After arriving, unannounced and wandering about in Borås unable to parlay the old vous, I finally located Sten Gunnar Skoglund, my cousin who was my father’s namesake, and was taken in and given a place to live by our widowed aunt Alva (father’s sister Alva, or “Faster Alva” in Swedish).

Her descendants read much of what I write, and they will not be surprised when I say that she was one of the kindest, gentlest and most generous people I have ever met.

Within a few months, I was getting a handle on the local patois and was permitted to wander about the west coast of Sweden and connect up with even more relatives and interesting places where my father had romped as a child.

One time – and this is the point of my story – I came back to Faster Alva from a trip to Uddevalla with a postcard of Gustavsberg. I eagerly showed the postcard to Faster Alva, pointing out the road on the postcard which was a view of the big rocks and the water. I said that I had seen this road while heading north toward Norway.


She very gently said in Swedish: “Oh, no, that’s a picture of the road facing south.”

Well, I was 24 years old and had recently spent two years steering and helping navigate a fairly large Coast Guard buoy tender around the rocky islands on the coast of Maine. So I had a reasonably good working knowledge of charts and which way was north. Being only 24, I explained why the road in the picture had to be heading north.

But Faster Alva simply smiled and said: “Jag har varit där många gånger, lille vän.” (“I have been there many times, little friend.”) My brother and I have repeated this phrase to each other on many occasions since.

I couldn’t understand why she couldn’t understand the clear, clean logic that was so obvious to me in the picture. It bothered me so much that I explained the situation to Faster Marta, another, older aunt who, at 17, had become a surrogate mother to all her younger siblings when their mother died.

Faster Marta simply said, in so many words: “Let it go.”

In recent years I’ve thought about this.

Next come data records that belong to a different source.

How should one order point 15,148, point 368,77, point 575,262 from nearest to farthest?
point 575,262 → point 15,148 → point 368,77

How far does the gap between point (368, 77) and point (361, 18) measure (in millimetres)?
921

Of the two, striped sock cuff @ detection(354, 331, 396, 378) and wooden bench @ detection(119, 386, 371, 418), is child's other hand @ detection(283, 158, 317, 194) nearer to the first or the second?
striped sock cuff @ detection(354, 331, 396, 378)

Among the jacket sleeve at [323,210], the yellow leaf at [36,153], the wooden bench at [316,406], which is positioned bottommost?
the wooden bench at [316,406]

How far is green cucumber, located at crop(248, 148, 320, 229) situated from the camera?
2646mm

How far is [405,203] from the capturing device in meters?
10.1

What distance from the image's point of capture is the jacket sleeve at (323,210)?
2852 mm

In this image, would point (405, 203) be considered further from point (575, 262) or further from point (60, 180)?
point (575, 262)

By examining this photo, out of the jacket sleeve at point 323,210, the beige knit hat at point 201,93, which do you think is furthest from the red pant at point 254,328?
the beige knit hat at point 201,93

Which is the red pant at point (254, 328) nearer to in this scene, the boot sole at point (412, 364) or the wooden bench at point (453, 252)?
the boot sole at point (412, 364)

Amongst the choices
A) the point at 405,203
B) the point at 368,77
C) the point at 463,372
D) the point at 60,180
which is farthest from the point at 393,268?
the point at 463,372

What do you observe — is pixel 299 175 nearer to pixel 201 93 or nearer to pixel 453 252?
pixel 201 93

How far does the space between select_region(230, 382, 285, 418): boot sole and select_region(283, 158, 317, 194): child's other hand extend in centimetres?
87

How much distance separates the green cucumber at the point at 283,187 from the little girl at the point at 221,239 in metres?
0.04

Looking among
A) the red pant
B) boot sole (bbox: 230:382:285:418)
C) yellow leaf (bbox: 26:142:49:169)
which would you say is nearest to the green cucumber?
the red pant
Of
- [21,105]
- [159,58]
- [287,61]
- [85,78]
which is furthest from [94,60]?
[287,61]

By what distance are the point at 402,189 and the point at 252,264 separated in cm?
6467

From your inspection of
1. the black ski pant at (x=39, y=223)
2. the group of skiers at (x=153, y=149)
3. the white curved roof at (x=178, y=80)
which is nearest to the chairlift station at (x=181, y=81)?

Since Trump has invited them to join him, we have all discovered that we have friends and relatives who are incapable of finding north on a map. You may have recently realized, to your dismay, that a parent or a child has apparently become immune to reason. It’s as if part of their brain has been cut away.


They might think it’s OK to get vaccinated against a litany of diseases. But when it comes to the coronavirus vaccine, even an occasional MD will pop up and swear that it contains some evil chemical. Q, or someone at church, told them that the vaccination was bad, and you’d better believe it, “little friend.”

In this life you are going to encounter wonderful, generous, kind and friendly people who are immune to reason, science and logic.

In my old age, I’ve learned to do something that I wasn’t wise enough to do when I was 24.

Take Faster Marta’s advice and let it go.